Transcribe, exactly and without pictures, the lines below from the line with "Mùa Hè Bị Nuốt" to the line with "Grand Mango Hotel Da Nang Bagian luar foto", both ends included, and no others.
══ THE DATA ══
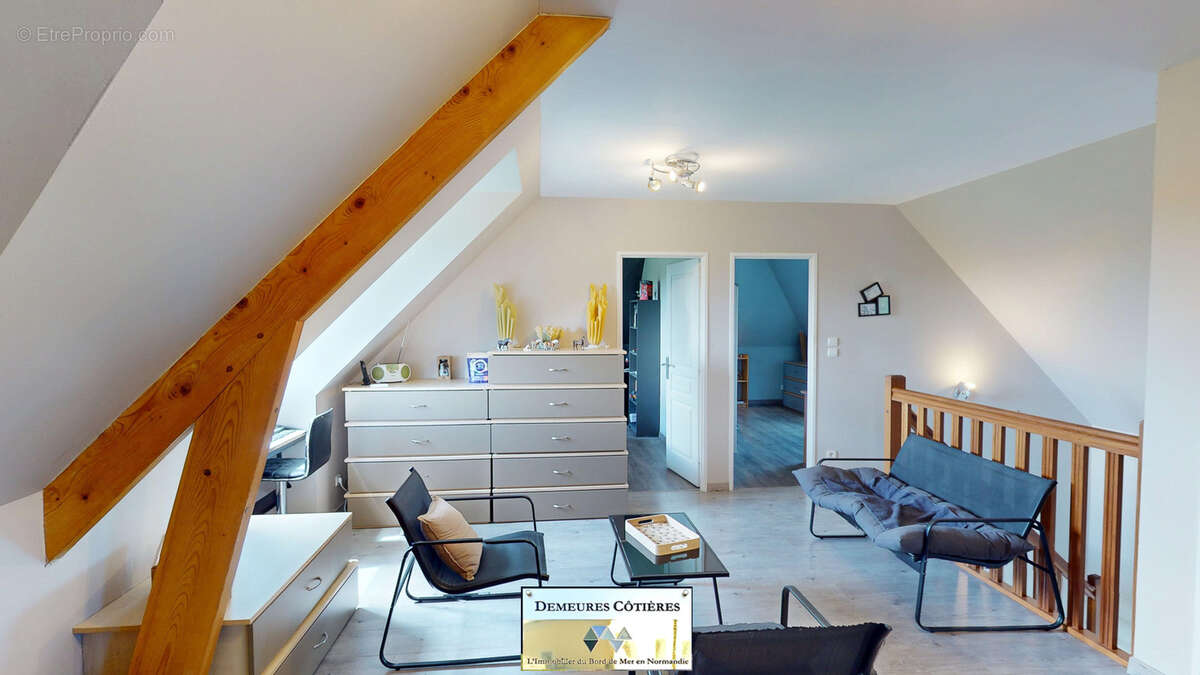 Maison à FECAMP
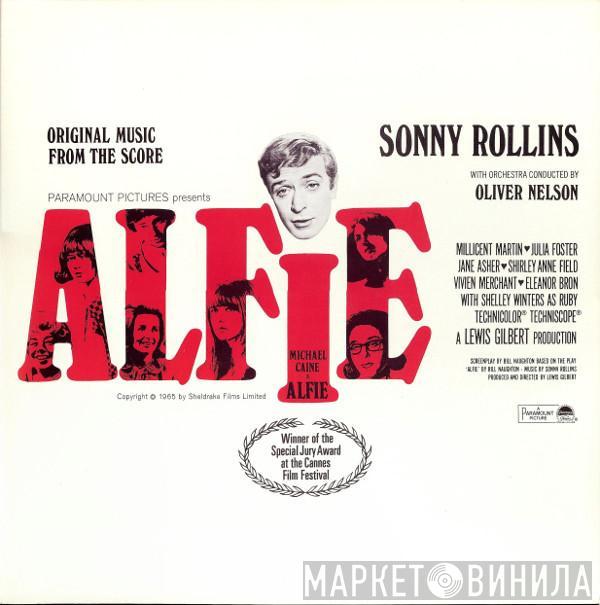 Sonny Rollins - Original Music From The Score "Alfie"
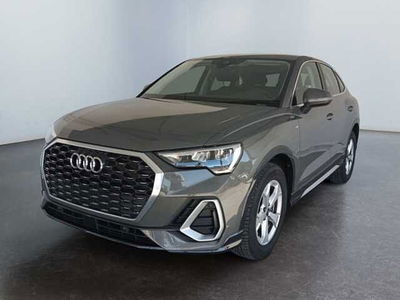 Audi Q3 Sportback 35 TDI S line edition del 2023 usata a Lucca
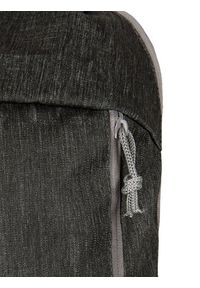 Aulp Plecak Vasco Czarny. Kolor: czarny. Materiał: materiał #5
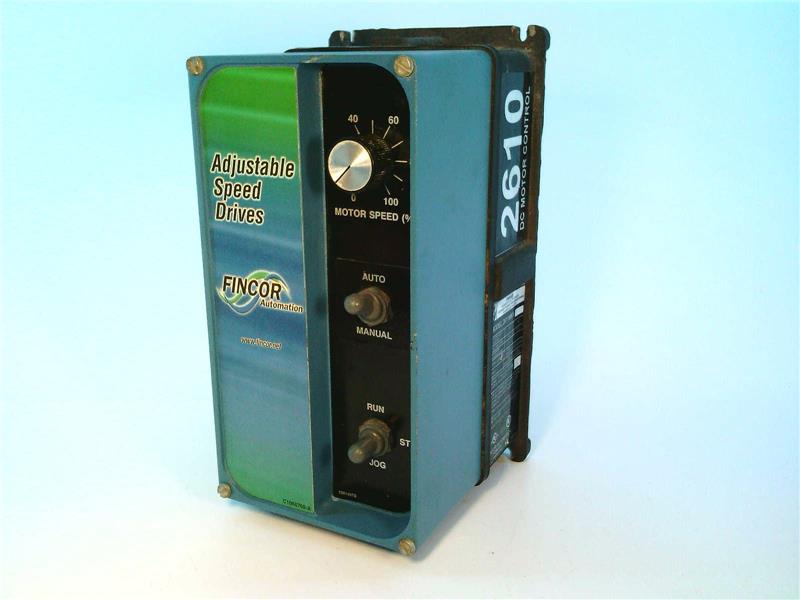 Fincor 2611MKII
═══
══ THE DATA ══
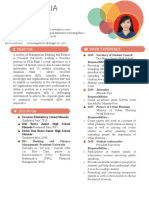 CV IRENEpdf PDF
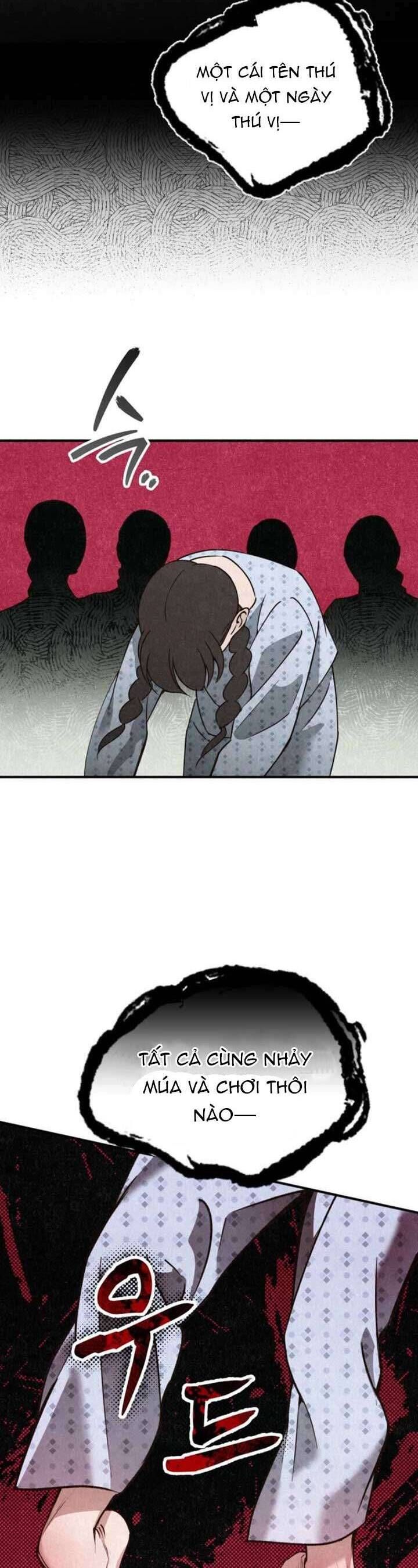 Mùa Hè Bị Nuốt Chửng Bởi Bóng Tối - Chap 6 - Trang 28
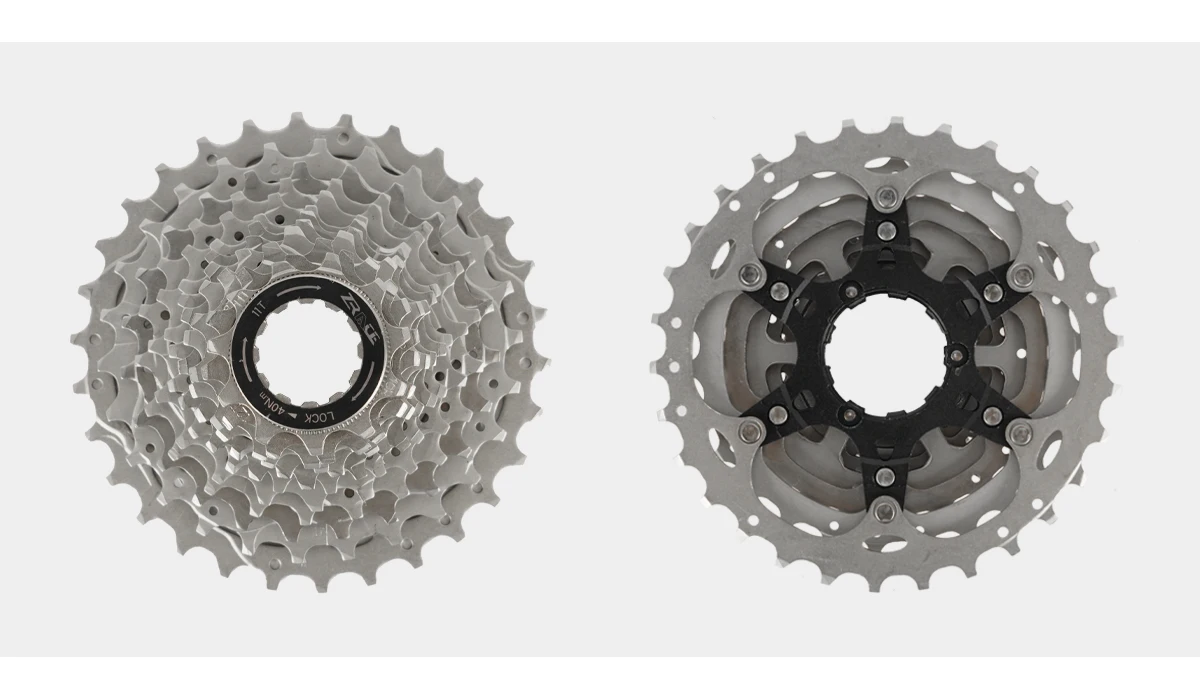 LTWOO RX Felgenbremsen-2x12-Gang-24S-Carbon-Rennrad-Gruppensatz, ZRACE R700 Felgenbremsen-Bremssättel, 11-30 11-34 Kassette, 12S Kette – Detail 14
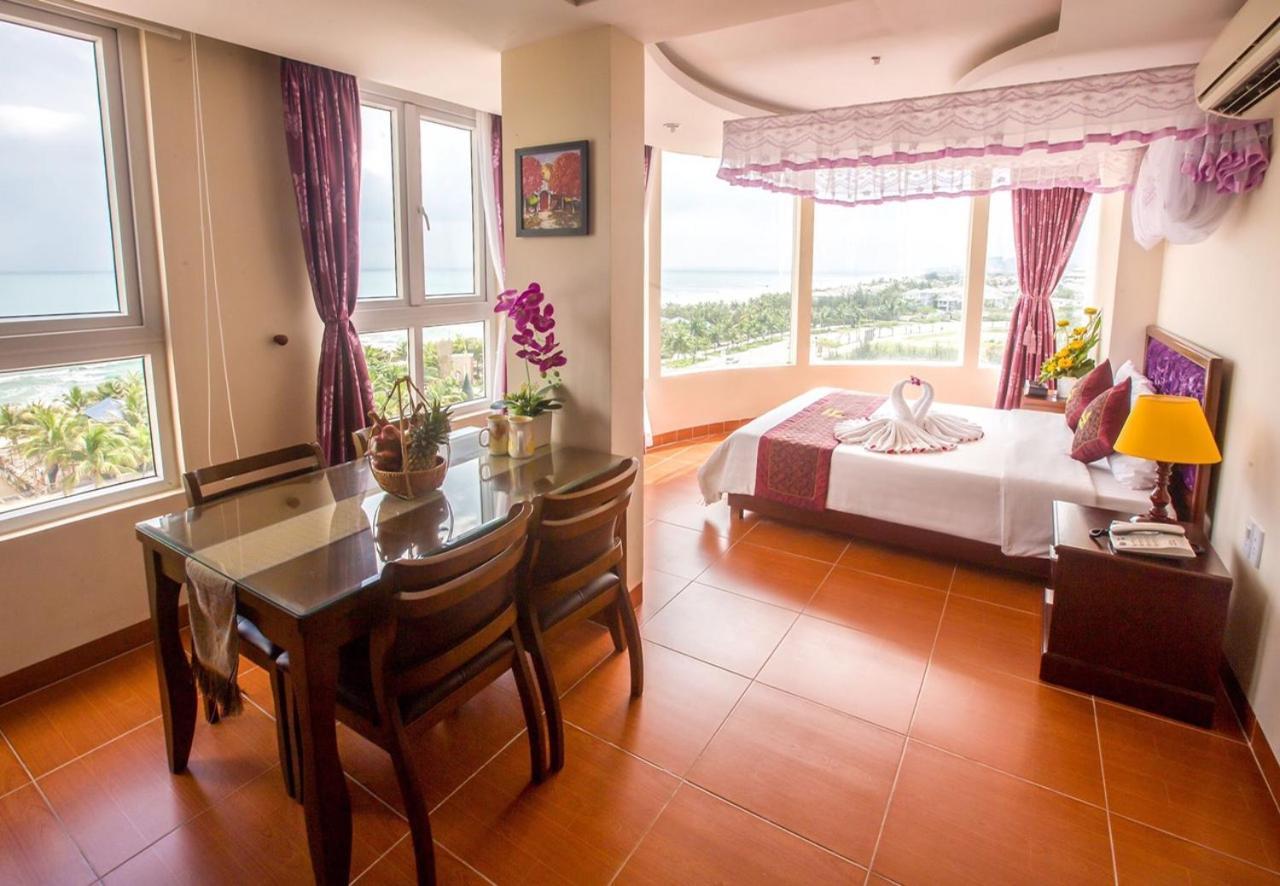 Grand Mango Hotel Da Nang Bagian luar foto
═══
▶ _WORKED SOLUTION_
 Mùa Hè Bị Nuốt Chửng Bởi Bóng Tối - Chap 6 - Trang 28
 LTWOO RX Felgenbremsen-2x12-Gang-24S-Carbon-Rennrad-Gruppensatz, ZRACE R700 Felgenbremsen-Bremssättel, 11-30 11-34 Kassette, 12S Kette – Detail 14
 Grand Mango Hotel Da Nang Bagian luar foto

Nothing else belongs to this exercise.